For the struct, you don't need to mess with byte arrays. Use strings, and ByValTStr. Also, it's not really worth bothering with readonly and properties for interop structs. Yes, mutable value types are generally bad in a pure .NET API, but in this case it's the existing API, there's no point in masking it. So:
[StructLayout(LayoutKind.Sequential, CharSet = CharSet.Auto)]
public struct SearchCriteria
{
[MarshalAs(UnmanagedType.ByValTStr, SizeConst = 4]
public string m_DataName;
[MarshalAs(UnmanagedType.ByValTStr, SizeConst = 1]
public string m_Wildcard;
[MarshalAs(UnmanagedType.ByValTStr, SizeConst = 2]
public string m_Comparator;
[MarshalAs(UnmanagedType.ByValTStr, SizeConst = 75]
public string m_DataValue;
}
If you really want to do all the string conversions yourself, it may be easier to just use unsafe and fixed-size arrays:
public unsafe struct SearchCriteria
{
public fixed byte m_DataName[4];
public byte m_Wildcard;
public fixed byte m_Comparator[2];
public fixed byte m_DataValue[75];
}
[EDIT] Two more things.
CHAR cObjectType should become byte cObjectType, and not char cObjectType that you currently use.
Also, yes, there is a problem with array marshaling in your example. Since your P/Invoke declaration is ref SearchCriteria pSearchCriteria - i.e. a single value passed by reference - that's precisely what P/Invoke mashaler will do.

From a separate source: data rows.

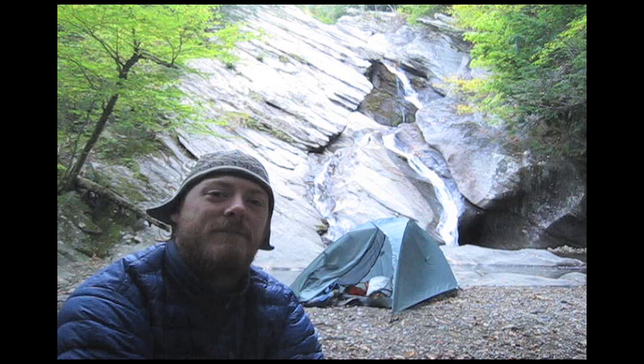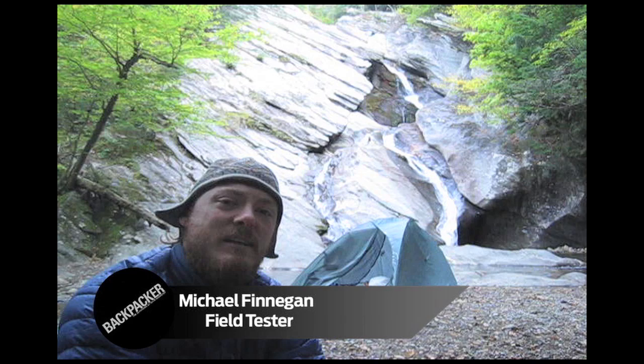Hi, I'm Mike Finnegan, a gear tester for Backpacker Magazine. I just spent the night testing the Big Sky Ultralight One-Person Tent.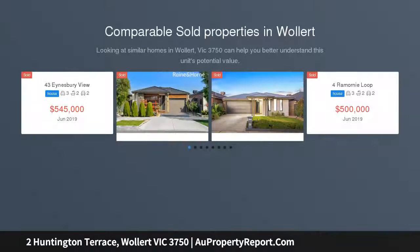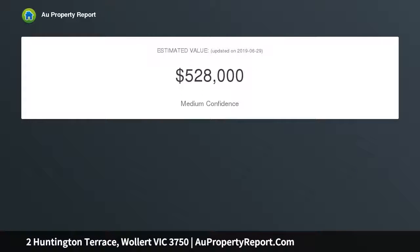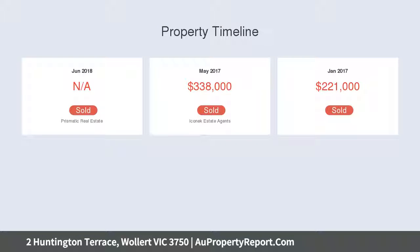Block size 480 SQM, 16x30 meter flat level allotment and ready-to-build. Total area measuring approximately 480 square meters, located in the popular Aurora estate, walking distance to all amenities including primary and secondary schools, Aurora Shopping Precinct, Northern Hospital, as well as easy freeway access. Don't miss this rare opportunity to either build your dream home or invest in this magnificent parcel of land.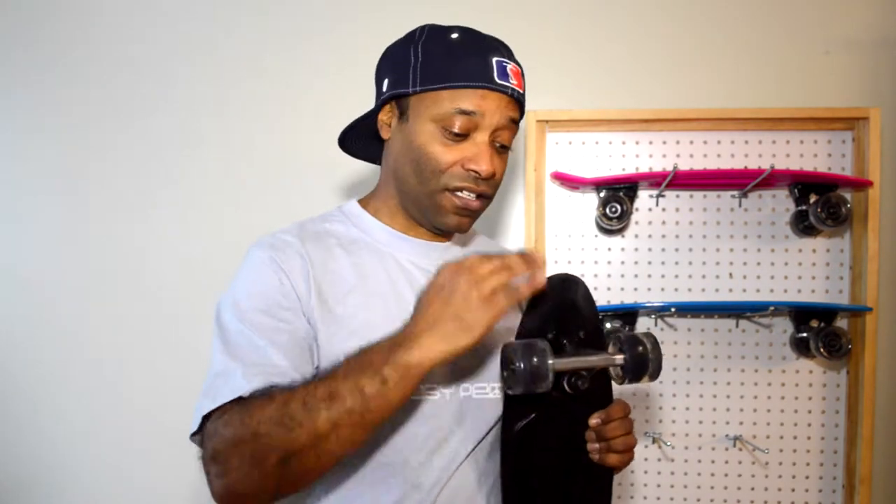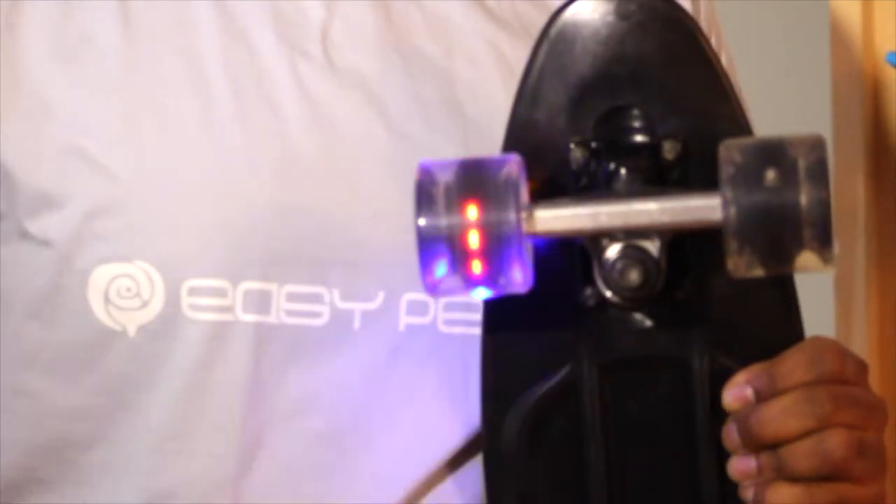And the best thing about it, the trucks are wider and it comes with the speed lightning wheels. As you can see, no batteries required.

Keep in mind that, unless your struct only has fields of unmanaged types in it (the one with fixed arrays above is that, the one with string is not), the marshaler will have to copy the structs. It won't just pass address to the first element of the array directly. And in this case, since you didn't tell it it's an array there, it will only copy the single element you reference.
So, if you use the version of the struct with string, fields, you need to change the P/Invoke declaration. If you only need to pass SEARCH_CRITERIA objects into the function, but won't need to read data from them after it returns, just use an array:
public static extern bool AwdApiLookup(IntPtr handle, uint ulMsg,
bool fContainer, byte cObjectType,
SearchCriteria[] pSearchCriteria,
ushort usCount, ushort usSearchType,
Pointer pReserverd);
And call it like this:
var callResult = UnsafeAwdApi.CallAwdApiLookup(
IntPtr.Zero, 0, true, (byte)'W',
searchCriteria, criteriaCount,
66, null);
If function writes data into that array, and you need to read it, use [In, Out]:
[In, Out] SearchCriteria[] pSearchCriteria,
If you use the version with fixed byte[] arrays, you can also change the P/Invoke declaration to read SearchCriteria* pSearchCriteria, and then use:
fixed (SearchCriteria* p = &searchCriteria[0])
{
AwdApiLookup(..., p, ...);
}
This will require unsafe as well, though.